È il più grave infortunio che possa capitare a uno scrittore, il più drammatico. Al confronto le catastrofi storiche non sono niente. Ho scritto in rumeno fino al 1947. Quell'anno stavo in una casetta nei pressi di Dieppe, e traducevo Mallarmé in rumeno. Improvvisamente mi sono detto: «Che assurdità! A cosa serve tradurre Mallarmé in una lingua che nessuno conosce?». Ed è lì che ho rinunciato alla mia lingua. Mi sono messo a scrivere in francese, il che è stato molto difficile, perché la lingua francese non si addice alla mia indole: io ho bisogno di una lingua selvaggia, di una lingua da ubriachi. Il francese è stato per me come una camicia di forza. Scrivere in un'altra lingua è un'esperienza terrificante. Si riflette sulle parole, sullo stile. Quando scrivevo in rumeno, lo facevo senza rendermene conto, scrivevo e basta. A quel tempo le parole non erano indipendenti da me. Quando mi sono messo a scrivere in francese, tutte le parole mi si sono imposte alla coscienza; le avevo davanti a me, fuori di me, nelle loro cellette, e andavo a prenderle: «Tu, ora, e adesso tu». Un'esperienza simile l'ho avuta appena arrivato a Parigi. Alloggiavo in un alberghetto del Quartiere Latino, e il primo giorno, quando sono sceso alla reception per telefonare, ho trovato il gestore dell'albergo che stava decidendo il menù per il pranzo con la moglie e il figlio: lo preparavano come fosse stato un piano di battaglia! Rimasi stupefatto: in Romania mi ero sempre nutrito come un animale, voglio dire in modo inconscio, senza badare a che cosa significasse mangiare. A Parigi mi sono reso conto che mangiare è un rituale, un atto di civiltà, quasi una presa di posizione filosofica... Allo stesso modo lo scrivere, in francese, ha smesso di essere un atto istintivo, come era quando scrivevo in rumeno, e ha assunto una dimensione deliberata, così come ho anche smesso di mangiare in modo innocente... Cambiando lingua, ho subito liquidato il passato: ho completamente cambiato vita. Ancora adesso mi sembra di scrivere in una lingua che non è legata a niente, una lingua senza radici, una lingua di serra.

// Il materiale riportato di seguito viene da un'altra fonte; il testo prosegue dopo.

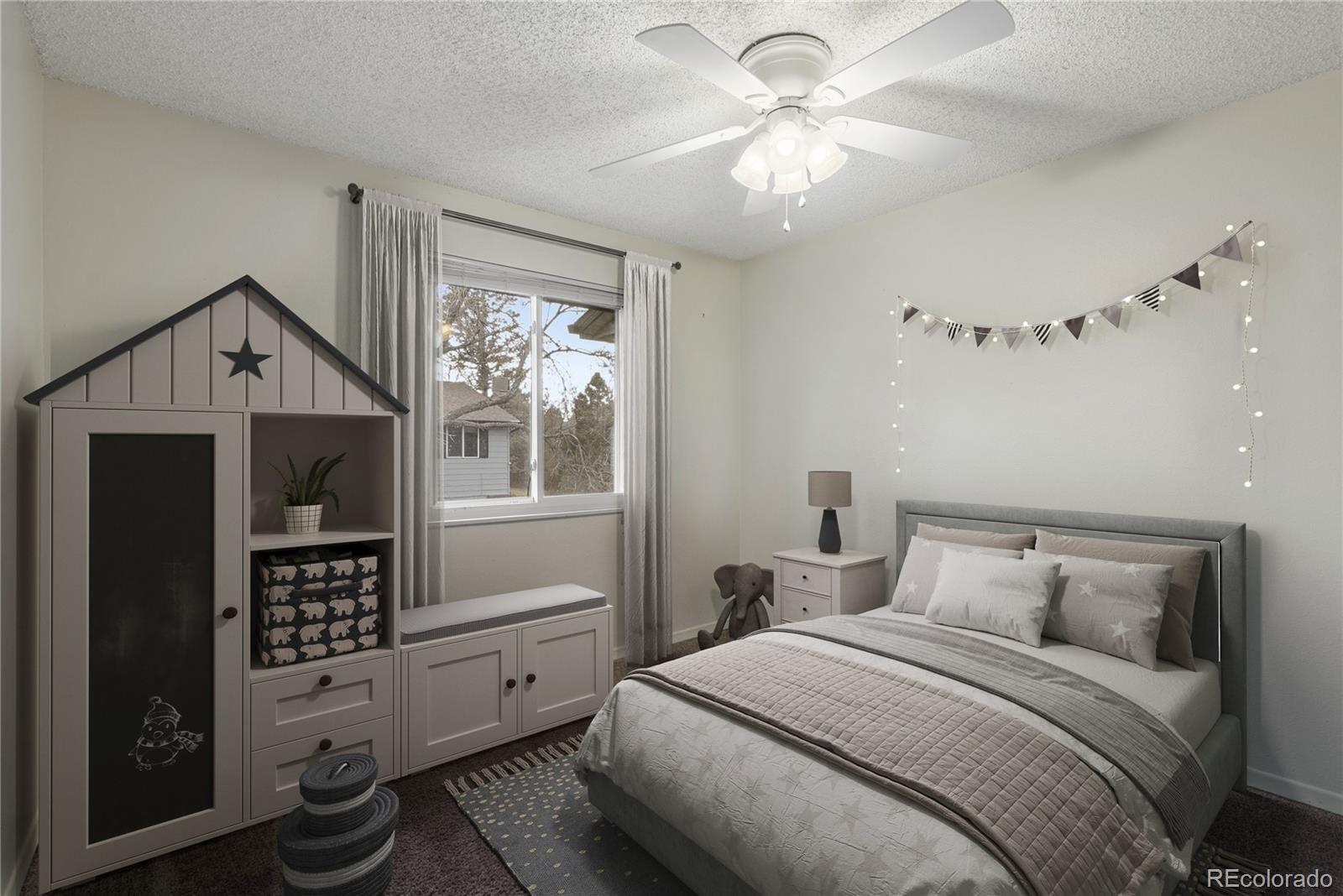 MLS Image #26 for 3061 w 92nd avenue 13e,westminster, Colorado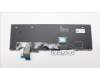Lenovo 5N20X22832 NB_KYB TR(P) CS20 KBD TRI,NBL,BK,UK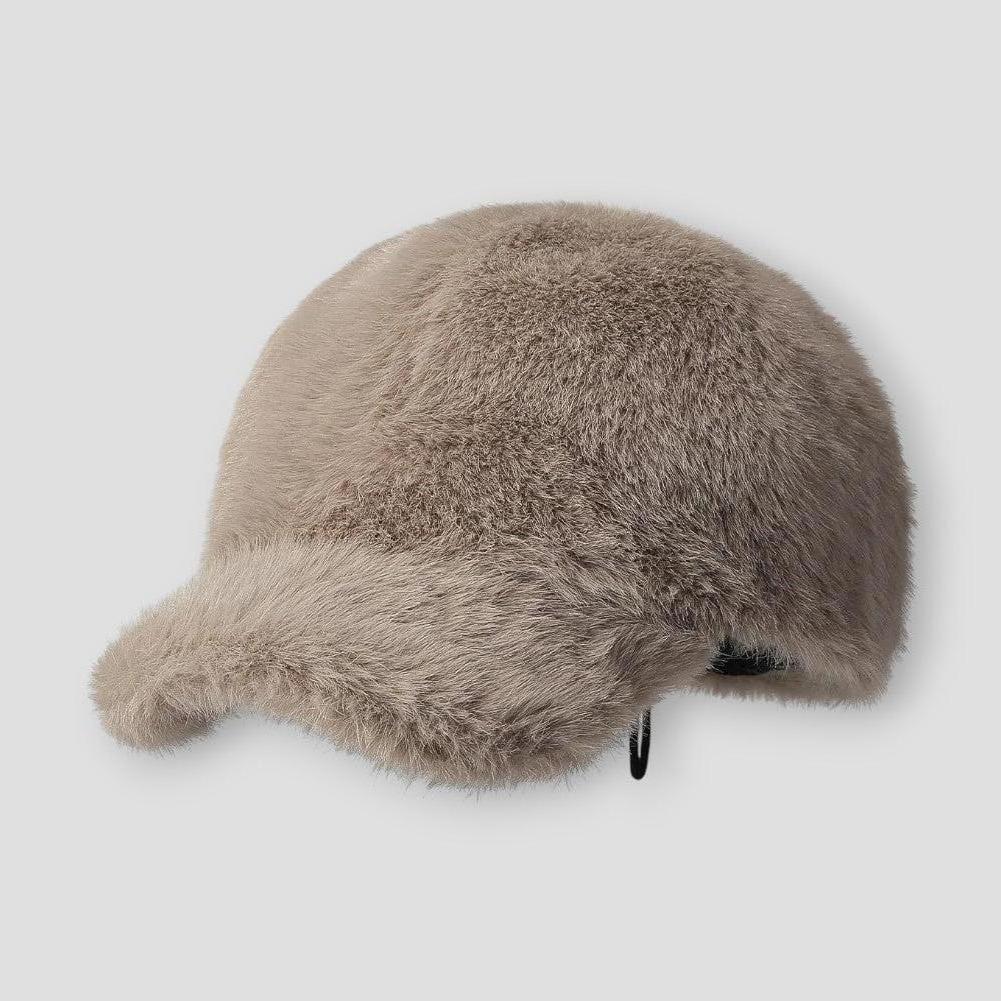 Sky Morris Calais Cap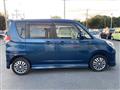 2012 Suzuki Suzuki Others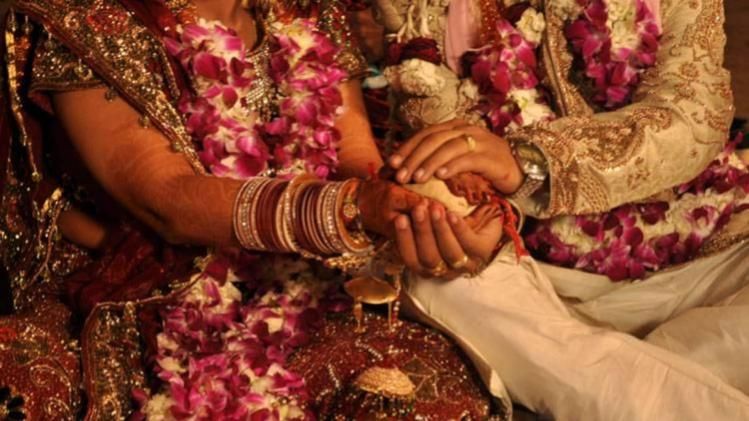 astrology tips for happy married life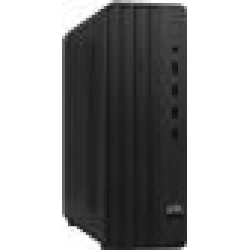 HP Pro 290 G9 Intel  Core  i5 i5-13500 16 GB DDR4-SDRAM 512 GB SSD Windows 11 Pro SFF PC Black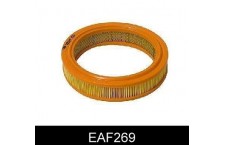 AIR FILTER EAF269 COMLINE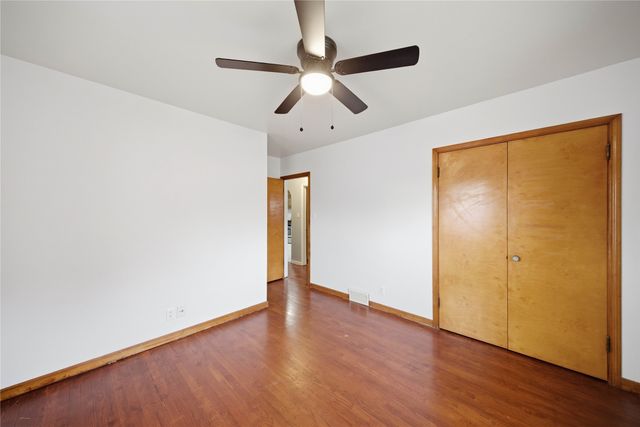 2654 Wisconsin Avenue, Des Moines, IA 50317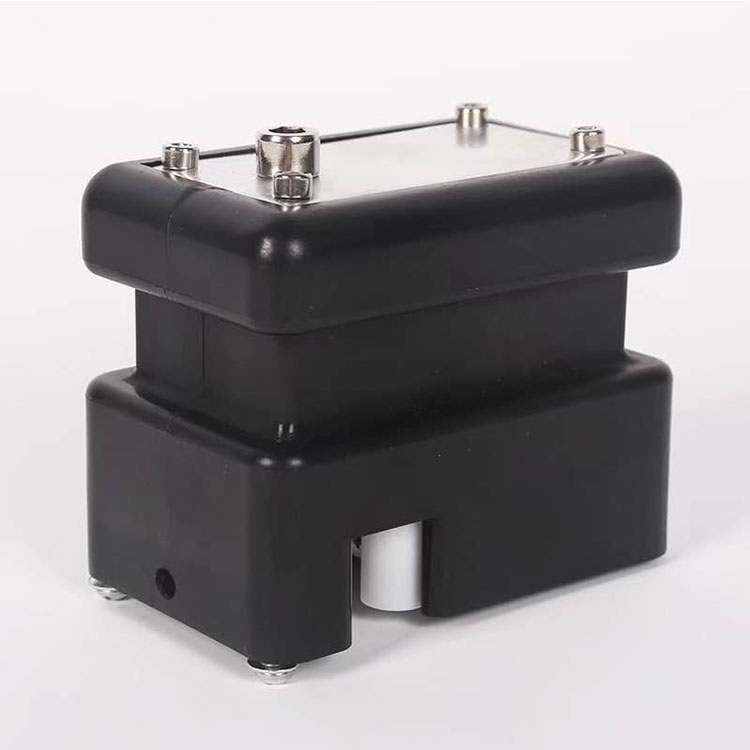 insulating glass spacer manual tool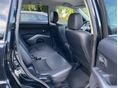 CITROEN C-CROSSER 2009/5 - 9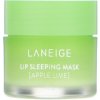 Laneige Lip Sleeping Mask EX Apple Lime 20 g Laneige Lip Sleeping Mask EX Apple Lime 20 g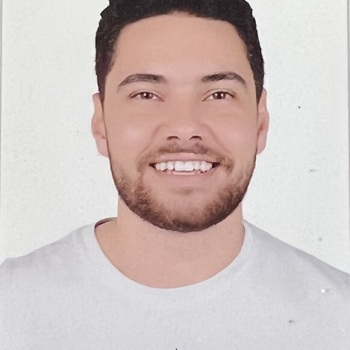 Fady Iskander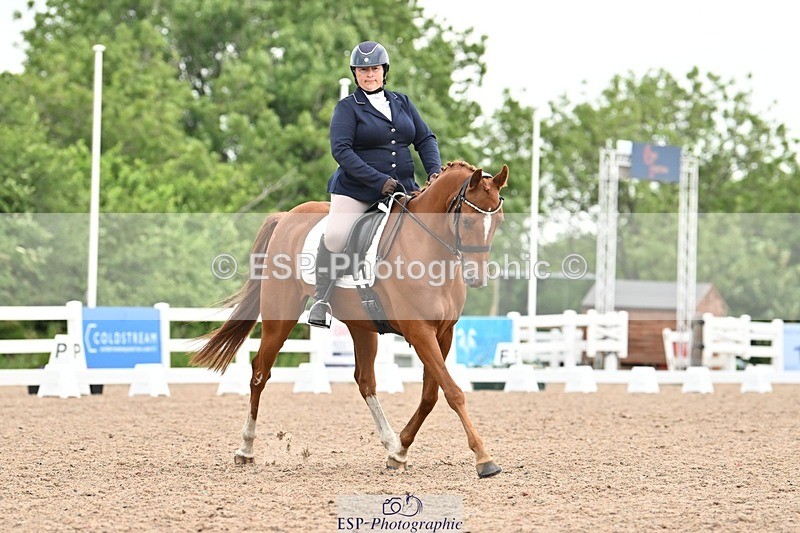 250620-090630-01483 - BD Cls 2 - Preliminary 6, Start to 9.50am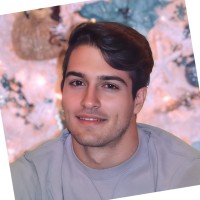 Lorenzo M. Waguespack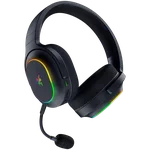 Razer Barracuda X Chroma - Sans-Fil - RGB - Noir — miniature 3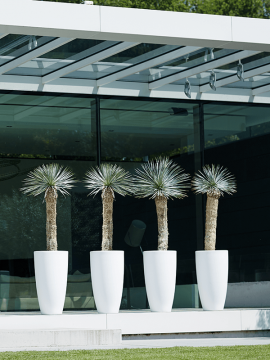 nieuwkoop-planters/6PURSHWI20_1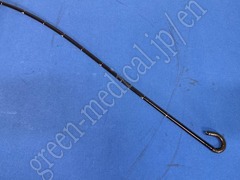 FUJIFILM Video Transnasal Gastroscope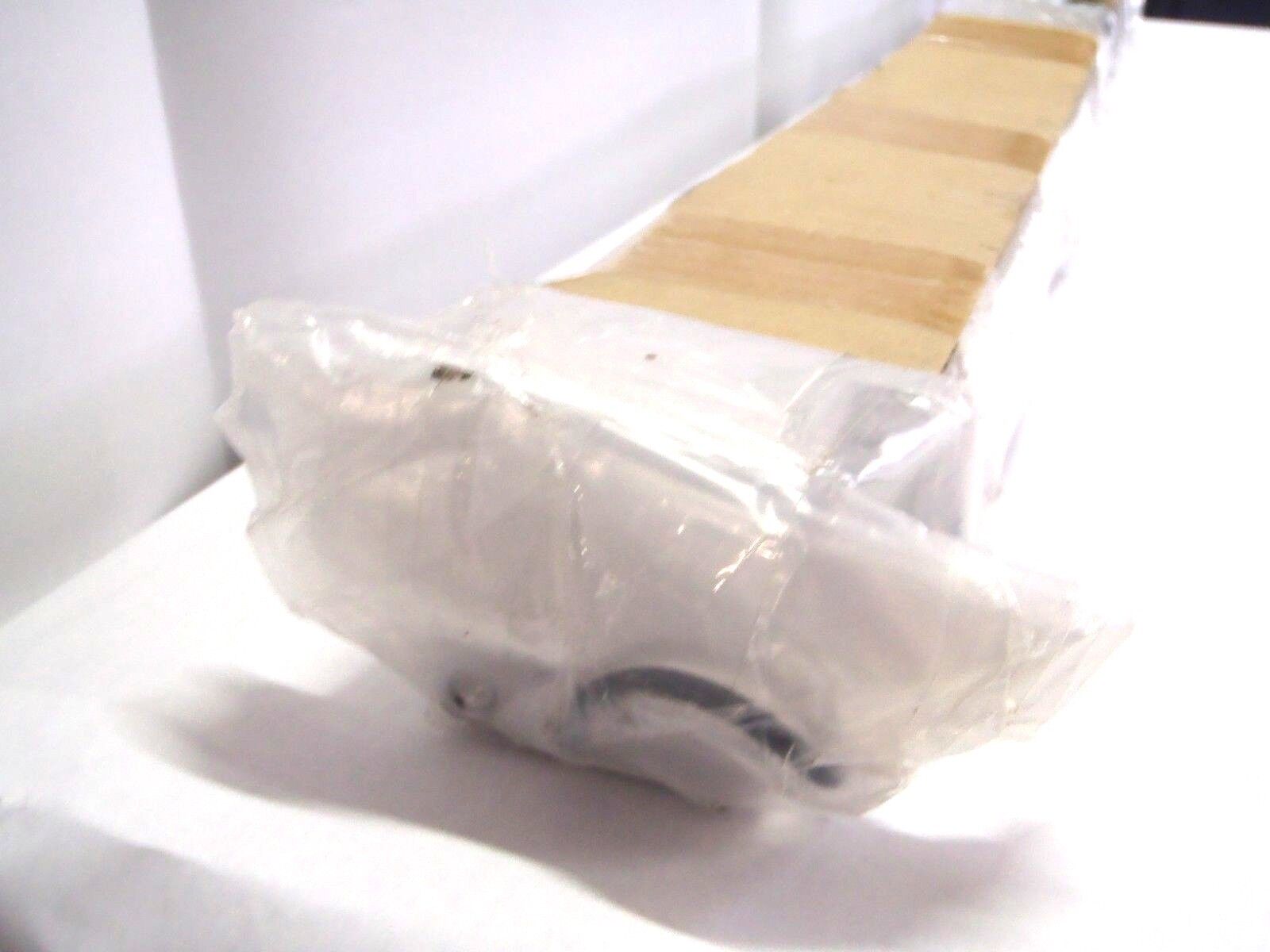 Robo RCP2-SA7-I-PM-16-800-P1-N-BE Actuator Slider 73mm Wide 800mm Stroke - Maverick Industrial Sales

Cioran, lei ha parlato spesso della noia. Che ruolo ha avuto la noia, il disgusto, nella sua vita?

Posso dire che la mia vita è stata dominata dall'esperienza della noia. Un sentimento che conosco sin dall'infanzia. Non è la noia che si può combattere con le distrazioni, la conversazione o i piaceri, è una noia che si potrebbe definire fondamentale; e che consiste in questo: più o meno bruscamente, a casa propria o in casa d'altri, o davanti a un bellissimo paesaggio, tutto si svuota di contenuto o di senso. Il vuoto è in noi e fuori di noi. L'intero universo è annullato. E niente più ci interessa, niente merita la nostra attenzione. La noia è una vertigine, ma una vertigine tranquilla, monotona; è la rivelazione della futilità universale, è la certezza, spinta fino allo stupore o fino alla chiaroveggenza suprema, che non si può, non si deve fare niente né in questo mondo né in quell'altro, non esiste al mondo niente che possa servirci o soddisfarci. A causa di questa esperienza - non costante ma ricorrente, dato che la noia viene per accessi, ma dura molto più a lungo di una febbre - non ho mai potuto fare niente di serio nella vita. Per la verità, ho vissuto intensamente, ma senza mai potermi integrare all'esistenza. La mia marginalità non è fortuita, ma essenziale. Se Dio si annoiasse, rimarrebbe pur sempre Dio, un Dio, però, marginale. Ma lasciamo stare Dio. Da sempre il mio sogno è stato quello di essere inutile, e inutilizzabile. Ebbene, grazie alla noia ho realizzato quel sogno. Ma devo fare una precisazione: l'esperienza che ho descritto non è necessariamente deprimente, perché a volte è seguita da una esaltazione che trasforma il vuoto in un incendio, in un inferno desiderabile...

(E mentre mi appresto a uscire, Cioran insiste)

Non dimentichi di dire che io sono soltanto un marginale, uno che scrive per svegliare. Lo riferisca: i miei libri aspirano a svegliare.